Diversification, data cleansing and upcycling
Businesses, though, can offset some of the costs by looking at where they store data, what they store, and by delaying upgrades.
One way is to make more use of tiered storage, mixing NAND, hard drives and even tape. And organizations can also save costs by removing outdated or redundant data, as well as thinking harder about the data they capture and store. Enterprises might also keep hardware running longer, potentially using older storage arrays for less critical data.
“Organizations must recognize that placing data across different storage technologies is no longer theoretical, it is a practical necessity,” Valéry Guilleaume, CEO at data management firm Nodeum tells ITPro.
“This requires the ability to move, catalogue, and place data across heterogeneous storage systems. As data volumes continue to grow, organizations must remain open to integrating multiple storage technologies.”
Nelson Nahum, co-founder and CEO at Geyser Data, agrees. “High-speed memory and flash should be prioritized for active workloads such as AI training, analytics and production applications.
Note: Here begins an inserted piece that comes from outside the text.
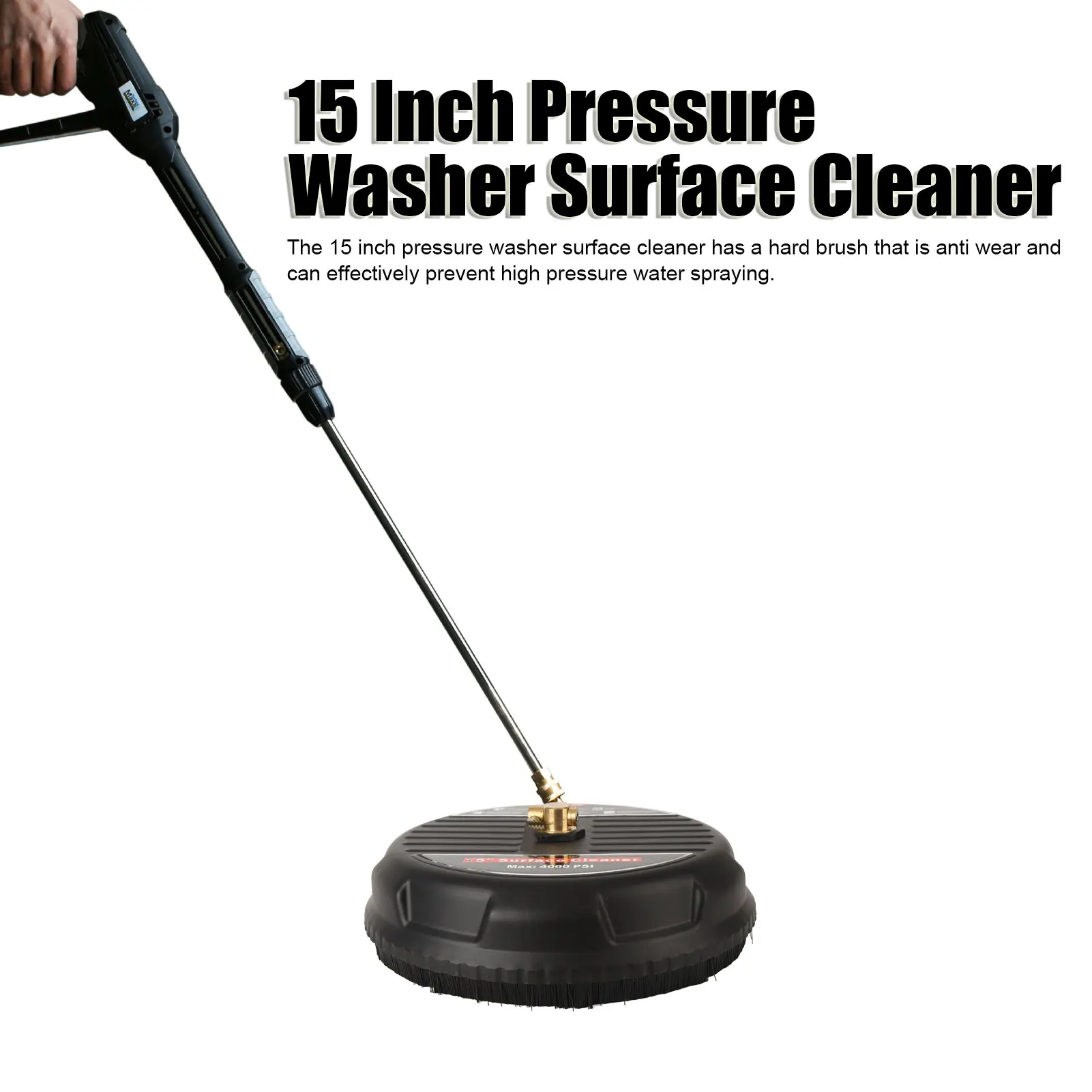15 Inch Pressure Washer Surface Cleaner Attachment 4000psi Pressure Washer Surface Cleaner with Connecting Rod 5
“Storing large volumes of inactive or archival data on these tiers can quickly drive up costs and exacerbate supply constraints,” he adds. “In short, the current supply pressures are encouraging organizations to rethink how they manage the full lifecycle of data.”
Storage shortages look set to continue to put pressure on CIO hardware budgets. But, in the medium term, this could yet benefit businesses, if the result is better data housekeeping.